假设一种场景，从Kafka Source拉取数据，经过一次窗口聚合，最后将数据发送到Kafka Sink，如下图：
1.JobManager向Source发送Barrier，开始进入pre-Commit阶段，当只有内部状态时，pre-commit阶段无需执行额外的操作，仅仅是写入一些已定义的状态变量即可。当chckpoint成功时Flink负责提交这些写入，否则就终止取消掉它们。

Flink两阶段提交
2.当Source收到Barrier后，将自身的状态进行保存，后端可以根据配置进行选择，这里的状态是指消费的每个分区对应的offset。然后将Barrier发送给下一个Operator。

3.当Window这个Operator收到Barrier之后，对自己的状态进行保存，这里的状态是指聚合的结果(sum或count的结果)，然后将Barrier发送给Sink。

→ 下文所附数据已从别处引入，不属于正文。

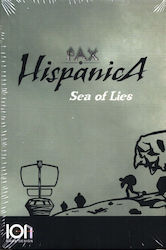 Επιτραπέζιο Παιχνίδι Pax Hispanica Sea Of Lies για 2-4 Παίκτες 14+ Ετών SMG35X1 (EN) Ion Game Επιτραπέζιο Παιχνίδι Pax Hispanica Sea Of Lies για 2-4 Παίκτες 14+ Ετών SMG35X1 (EN) Ion Game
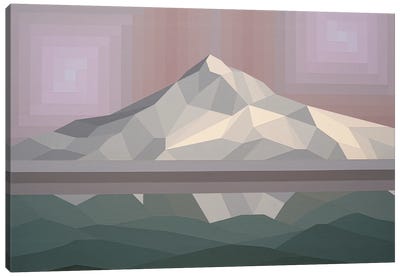 Neutral Peak Canvas Art Print - Jun Youngjin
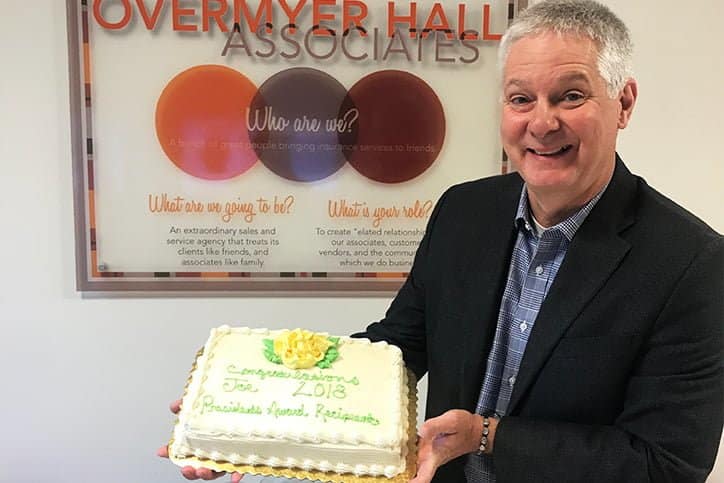 Overmyer Hall’s Joe Urquhart Honored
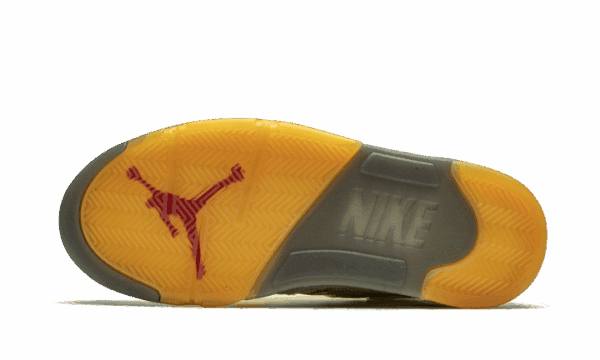 Air Jordan 5 Retro Off-White Sail - Image 4
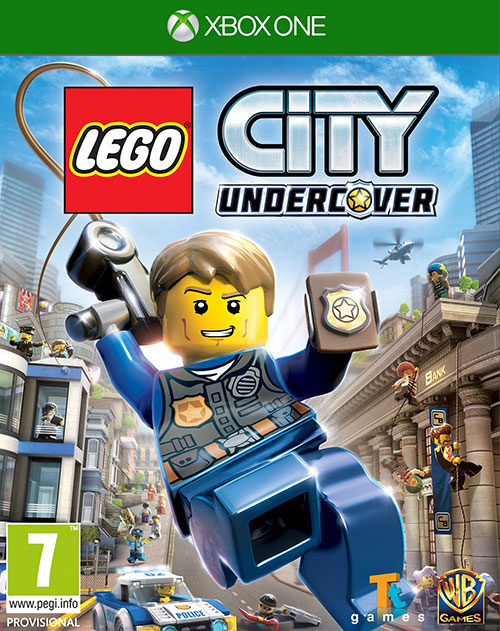Lego City Undercover - Xbox One Játékok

Sink收到后也对自己的状态进行保存，之后会进行一次预提交。
Flink两阶段提交
4.预提交成功后，JobManager通知每个Operator，这一轮检查点已经完成，这个时候，会进行第二次Commit。

以上便是两阶段的完整流程，提交过程中如果失败有以下几种情况
1.Pre-commit失败，将恢复到最近一次CheckPoint位置
2.一旦pre-commit完成，必须要确保commit也要成功
因此，所有opeartor必须对checkpoint最终结果达成共识：即所有operator都必须认定数据提交要么成功执行，要么被终止然后回滚。